*SOURCE DATA*
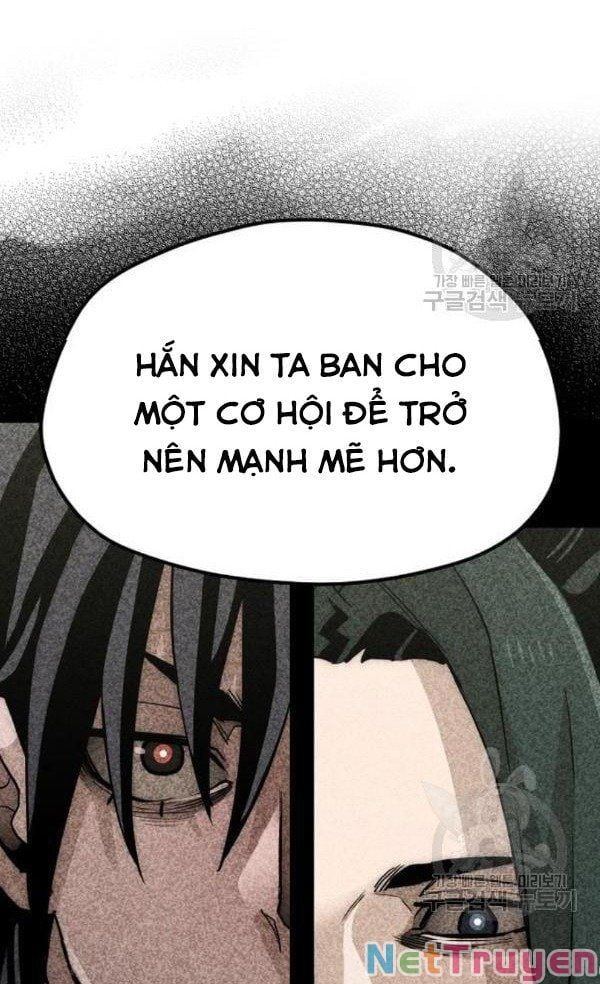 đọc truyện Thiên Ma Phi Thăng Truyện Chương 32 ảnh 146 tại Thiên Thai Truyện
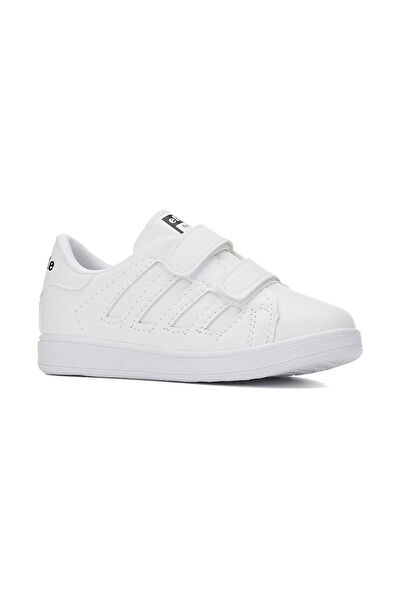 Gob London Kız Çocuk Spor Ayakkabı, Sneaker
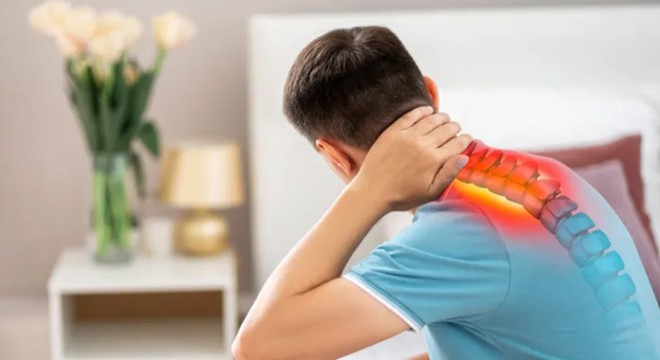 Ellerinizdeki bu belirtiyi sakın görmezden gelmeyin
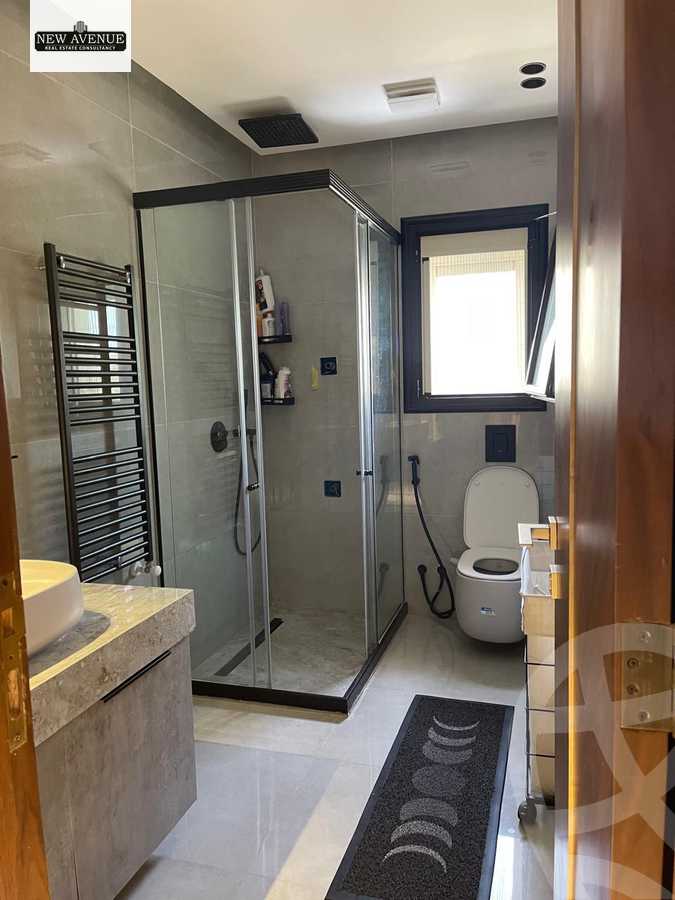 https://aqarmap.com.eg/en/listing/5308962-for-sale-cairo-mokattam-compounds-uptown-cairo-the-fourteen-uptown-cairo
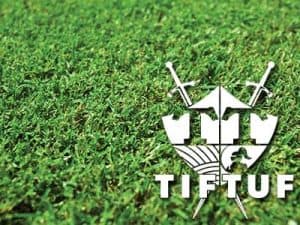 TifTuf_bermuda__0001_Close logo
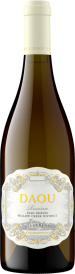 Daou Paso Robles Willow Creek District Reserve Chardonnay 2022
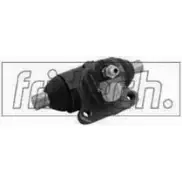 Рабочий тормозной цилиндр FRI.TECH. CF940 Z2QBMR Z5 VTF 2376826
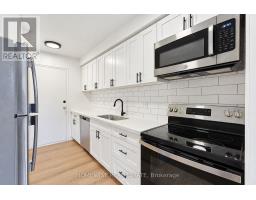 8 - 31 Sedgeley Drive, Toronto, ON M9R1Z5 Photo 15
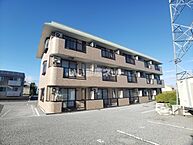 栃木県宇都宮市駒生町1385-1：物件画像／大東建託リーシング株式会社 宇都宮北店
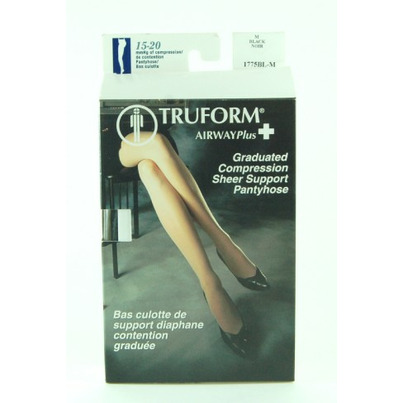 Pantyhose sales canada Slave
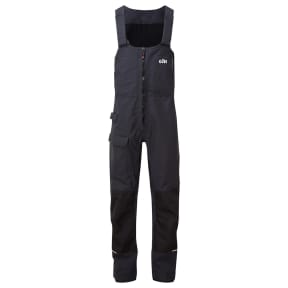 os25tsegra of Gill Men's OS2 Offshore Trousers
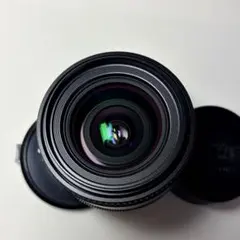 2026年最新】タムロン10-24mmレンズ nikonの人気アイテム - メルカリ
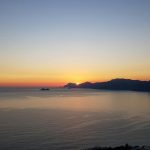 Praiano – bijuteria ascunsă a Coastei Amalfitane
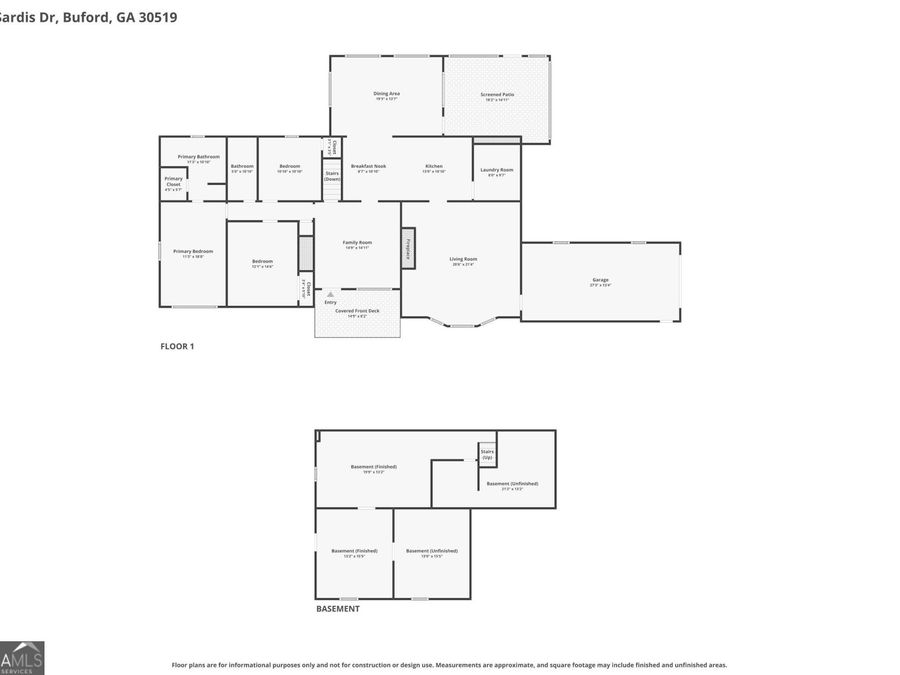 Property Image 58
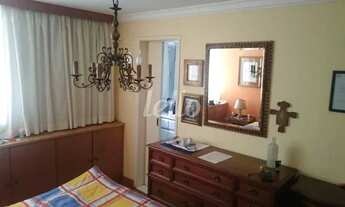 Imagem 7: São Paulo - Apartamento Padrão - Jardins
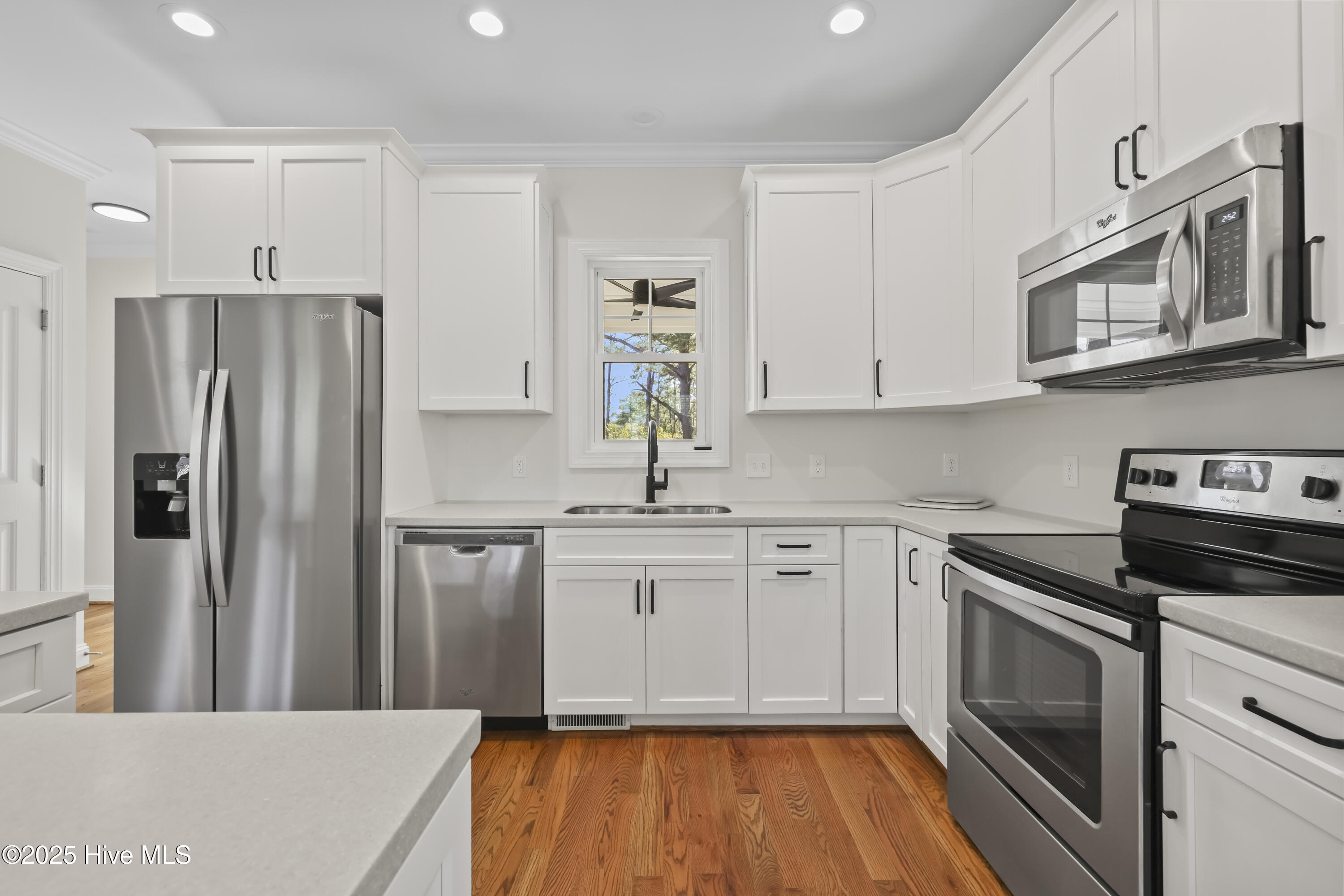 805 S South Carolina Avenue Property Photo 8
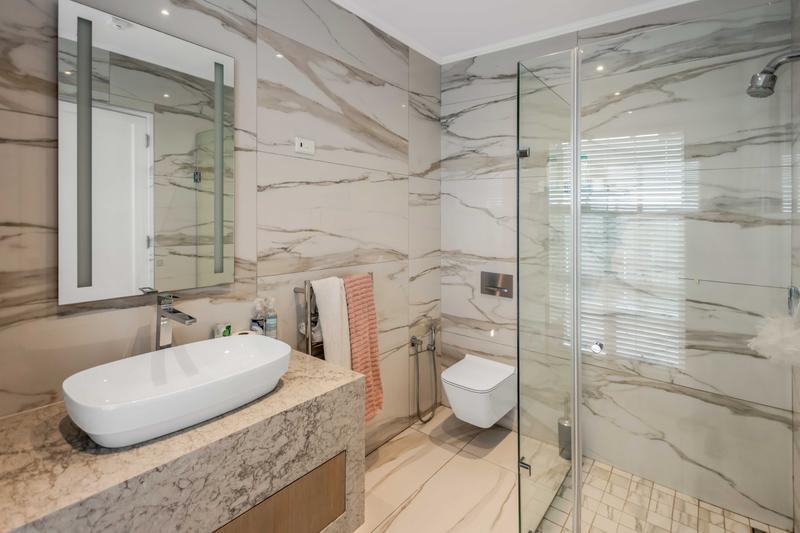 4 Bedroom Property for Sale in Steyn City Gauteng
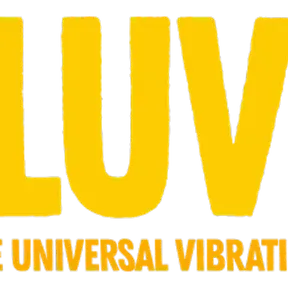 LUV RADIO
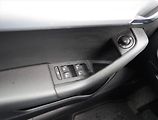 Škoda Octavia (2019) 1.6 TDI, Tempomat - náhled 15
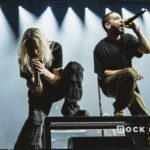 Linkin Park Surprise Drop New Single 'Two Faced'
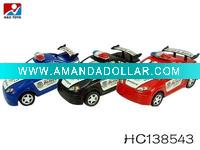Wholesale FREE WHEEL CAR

*ASSIGNED TASK*
Please transcribe all of the entries word for word, with the pictures left out.

*RESULT FOR THIS TASK*
 đọc truyện Thiên Ma Phi Thăng Truyện Chương 32 ảnh 146 tại Thiên Thai Truyện
 Gob London Kız Çocuk Spor Ayakkabı, Sneaker
 Ellerinizdeki bu belirtiyi sakın görmezden gelmeyin
 https://aqarmap.com.eg/en/listing/5308962-for-sale-cairo-mokattam-compounds-uptown-cairo-the-fourteen-uptown-cairo
 TifTuf_bermuda__0001_Close logo
 Daou Paso Robles Willow Creek District Reserve Chardonnay 2022
 Рабочий тормозной цилиндр FRI.TECH. CF940 Z2QBMR Z5 VTF 2376826
 8 - 31 Sedgeley Drive, Toronto, ON M9R1Z5 Photo 15
 栃木県宇都宮市駒生町1385-1：物件画像／大東建託リーシング株式会社 宇都宮北店
 Pantyhose sales canada Slave
 os25tsegra of Gill Men's OS2 Offshore Trousers
 2026年最新】タムロン10-24mmレンズ nikonの人気アイテム - メルカリ
 Praiano – bijuteria ascunsă a Coastei Amalfitane
 Property Image 58
 Imagem 7: São Paulo - Apartamento Padrão - Jardins
 805 S South Carolina Avenue Property Photo 8
 4 Bedroom Property for Sale in Steyn City Gauteng
 LUV RADIO
 Škoda Octavia (2019) 1.6 TDI, Tempomat - náhled 15
 Linkin Park Surprise Drop New Single 'Two Faced'
Wholesale FREE WHEEL CAR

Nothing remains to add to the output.